Multics
Overview
Multics (Multiplexed Information and Computing Service)
was a mainframe timesharing operating system that began at MIT as a
research project in 1965. It was an important influence on operating
system development. History of Multics
The plan for Multics was presented to the 1965
Fall Joint Computer Conference in a series of six papers. It was a joint
project with M.I.T., General Electric, and Bell Labs. Bell Labs dropped
out in 1969, and in 1970 GE's computer business, including Multics,
was taken over by Honeywell (now Bull).
MIT's Multics research began
in 1964, led by Professor Fernando J. Corbató at MIT Project MAC,
which later became the MIT Laboratory for Computer Science (LCS) and then
Computer Science And
Artificial Intelligence Laboratory (CSAIL). Starting in 1969,
Multics was provided as a campus-wide information service by the MIT
Information Processing Services organization, serving thousands of
academic and administrative users.
Multics was conceived as a general purpose time-sharing utility.
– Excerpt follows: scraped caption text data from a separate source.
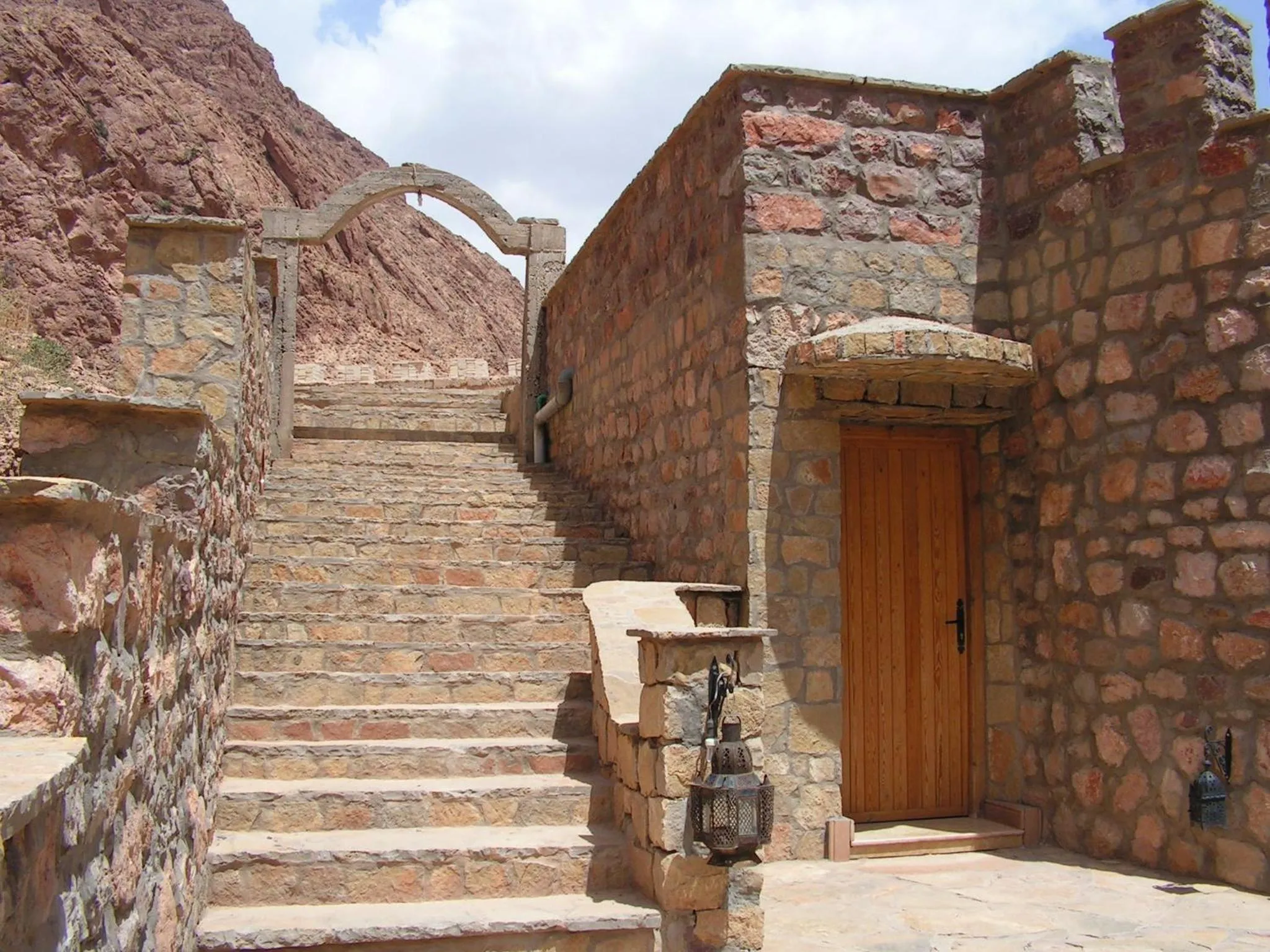 Auberge Le Festival Todra Gorge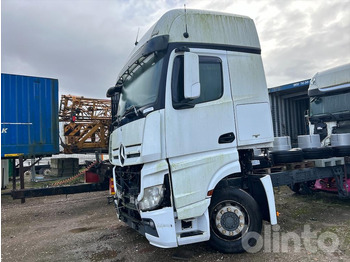 Cabeza tractora MERCEDES-BENZ Actros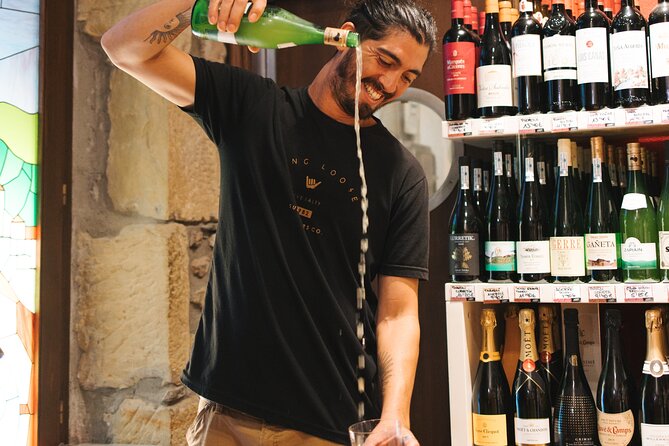 Eat Pintxos As A Local in San Sebastian - Txepetxa: a stop for local specialties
It
would be a commercial product for GE, which sold time-sharing services.
It became a GE and then Honeywell product. About 85 sites ran Multics.
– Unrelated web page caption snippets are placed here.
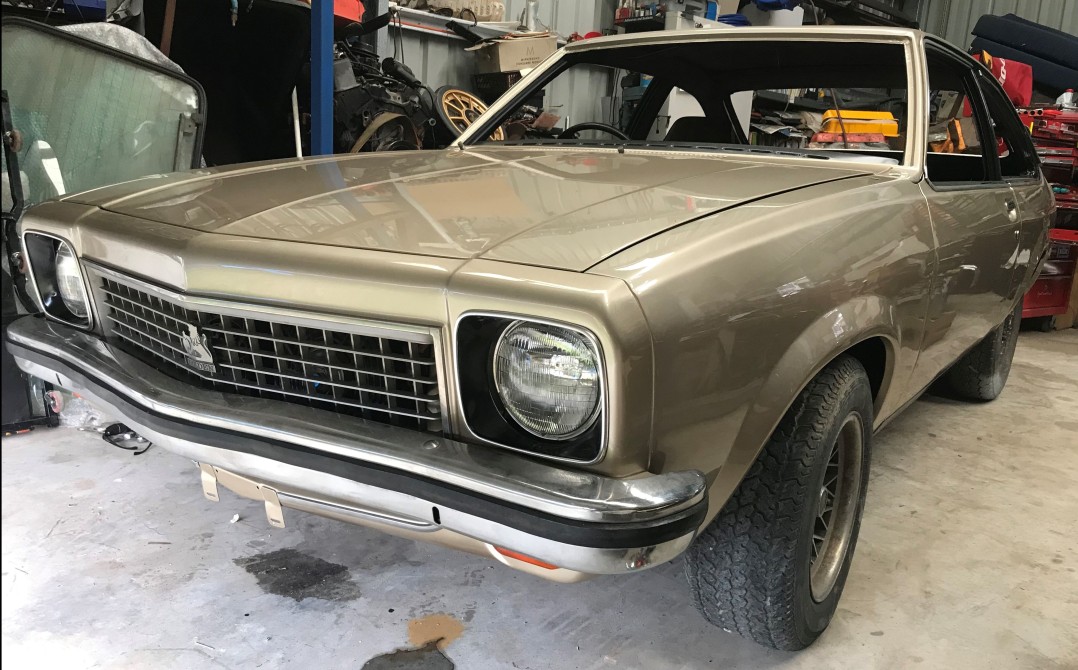 1976 Holden TORANA SL
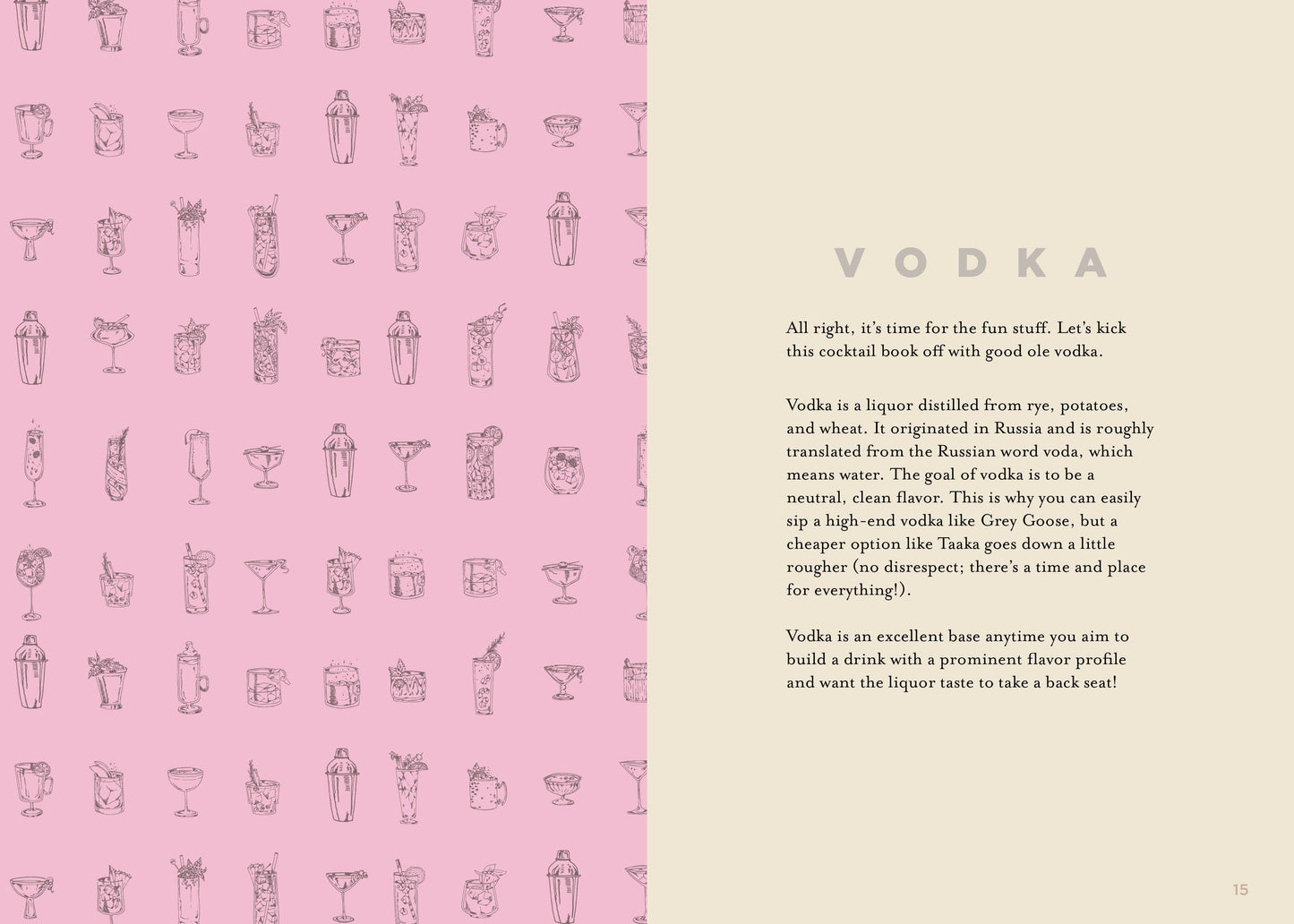 The Bar(c)art Book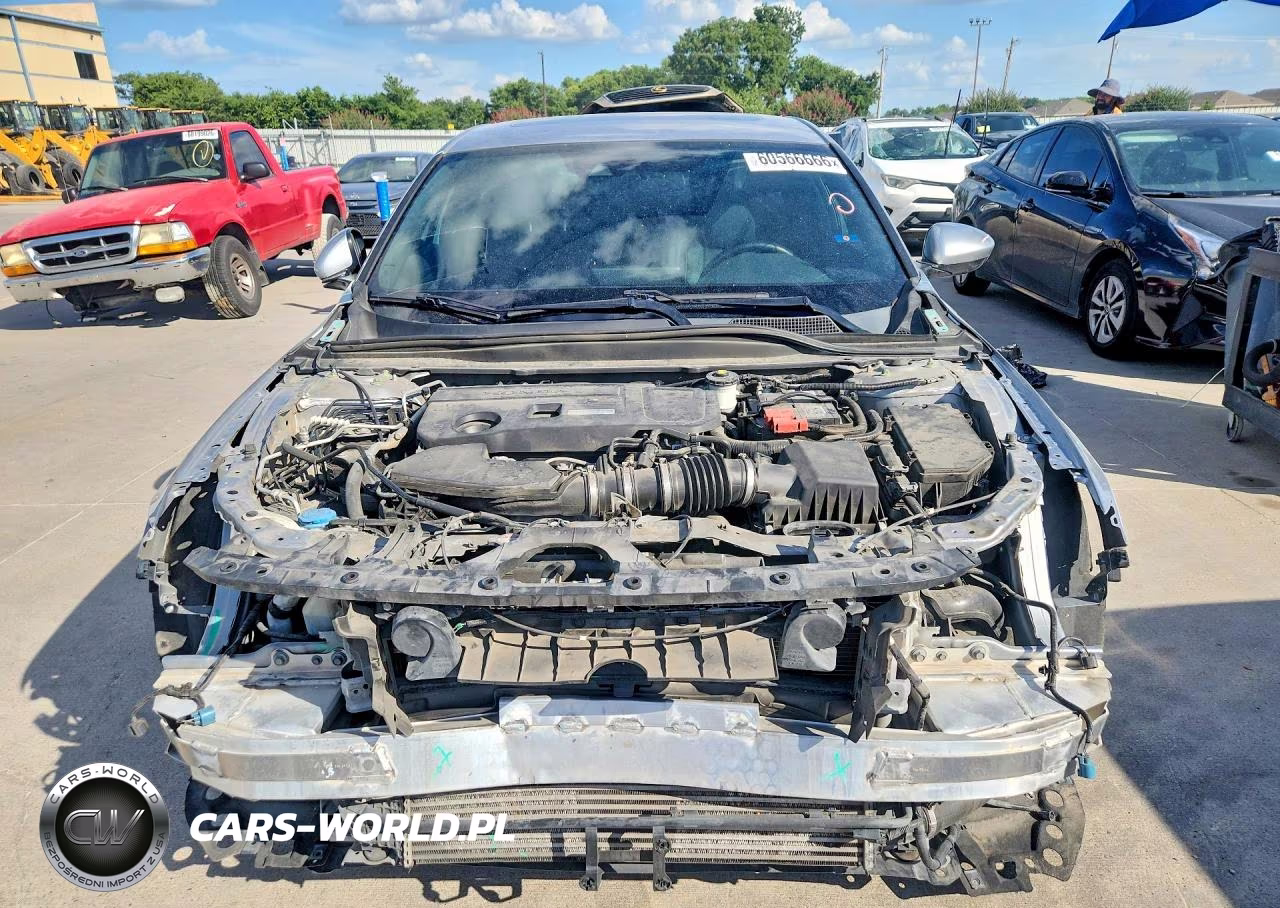2019 Honda Accord Sport VIN:1HGCV2F33KA010953 - 5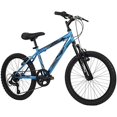 thumbnail image 1 of Stone Mountain de Huffy, de 20 pouces vélo de montagne 6 vitesses pour garçons, bleu, 1 of 5
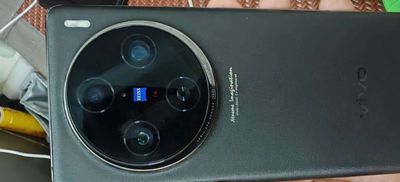 Vivo X100s Pro 16GB/512GB Đen Dimensity 9300+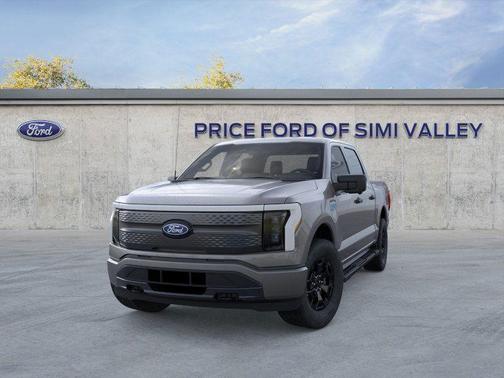 2025 Ford F-150 Lightning XLT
However, it had a powerful impact in the computer field, due to its
many novel and valuable ideas.
Since it was designed to be a utility, such as electricity and
telephone services, it had numerous features to provide high availability
and security. Both the hardware and software were highly
modular so that the system could grow in size by adding more of the
appropriate resource even while the service was running. Since services
were shared by users who might not trust each other, security was a
major feature with file sharing provided at the file level via access
controls. For more information, see:
Wikipedia's
Multics: Novel Ideas
LCS research on Multics ended in the late 1970s, and Bull ended
Multics development in 1985. MIT shut down its Multics service in
1988. The last Multics system was deactivated in 2000.
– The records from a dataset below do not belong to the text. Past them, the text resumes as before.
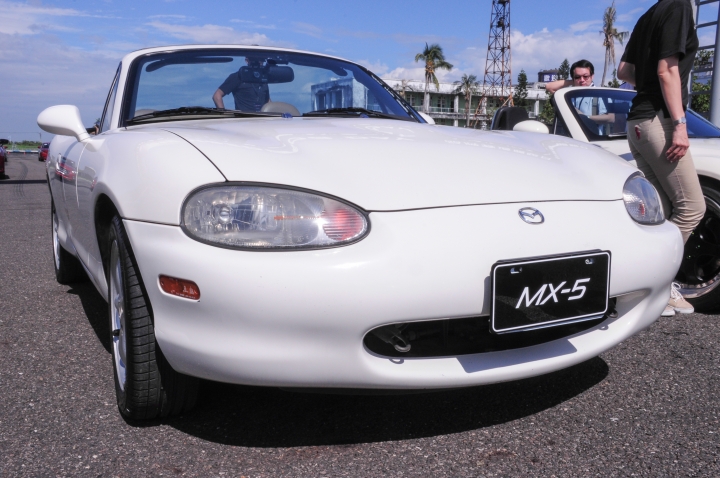 2015 MAZDA DAY 大鵬灣品牌賽道體驗日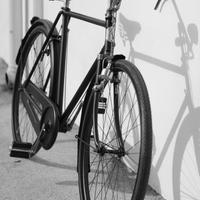 Bici epoca Bianchi Milano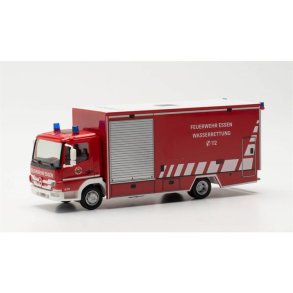 Mercedes-Benz Atego Koffer-LKW 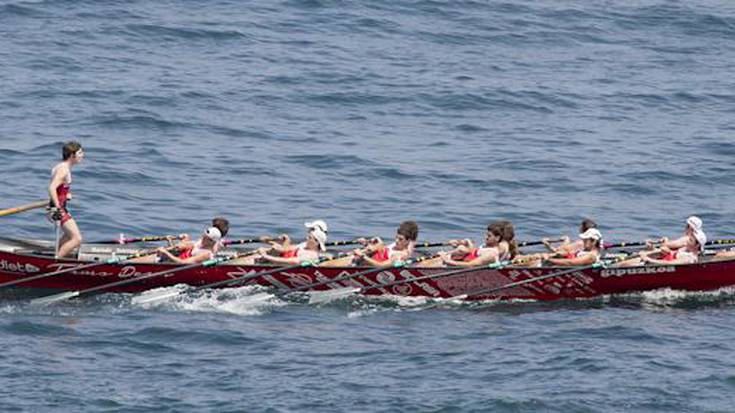 Dena eman du Zumaiak; Meirak lortu du igoera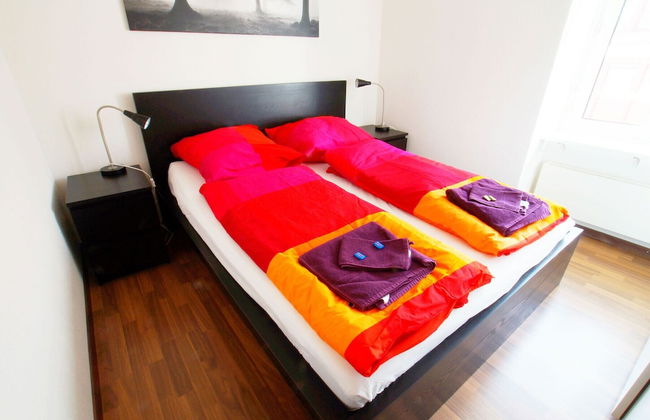 Hitrental Oerlikon Apartments - Foto 1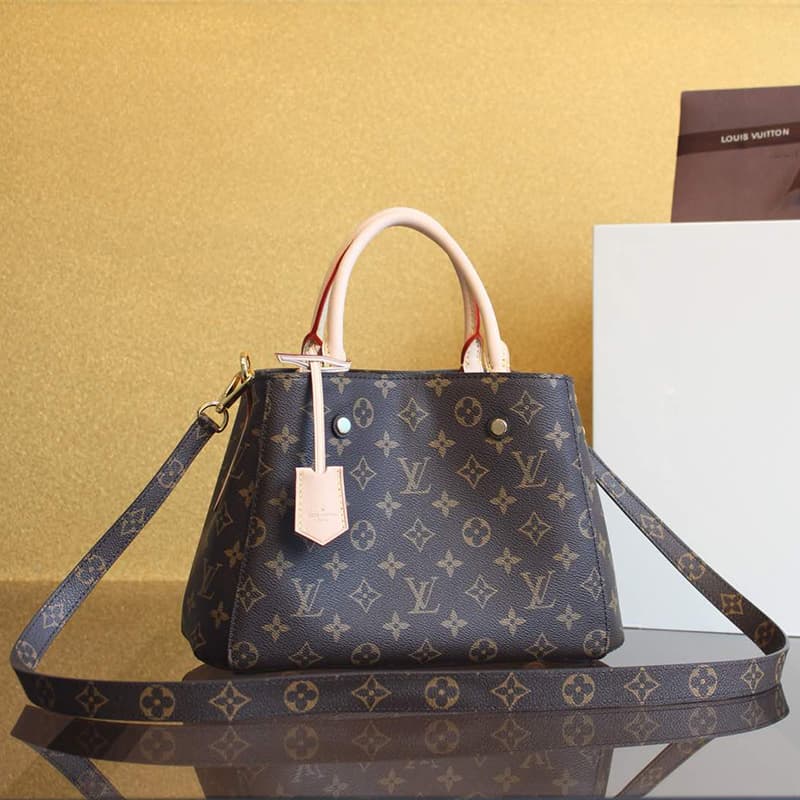 루이비통 모노그램 몽테뉴 BB M41055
Multics Source and Documentation
In order to preserve the ideas and
innovations that made Multics so important in the development of computer
systems, Bull HN has provided the source code for the final Multics release,
MR 12.5 of November 1992 to MIT. It is a generous
contribution to computer science knowledge and is provided for academic
purposes. Additionally, we intend this site to become a repository for many papers
and documents that were created during the Multics development as a
complement to the other Multics sites.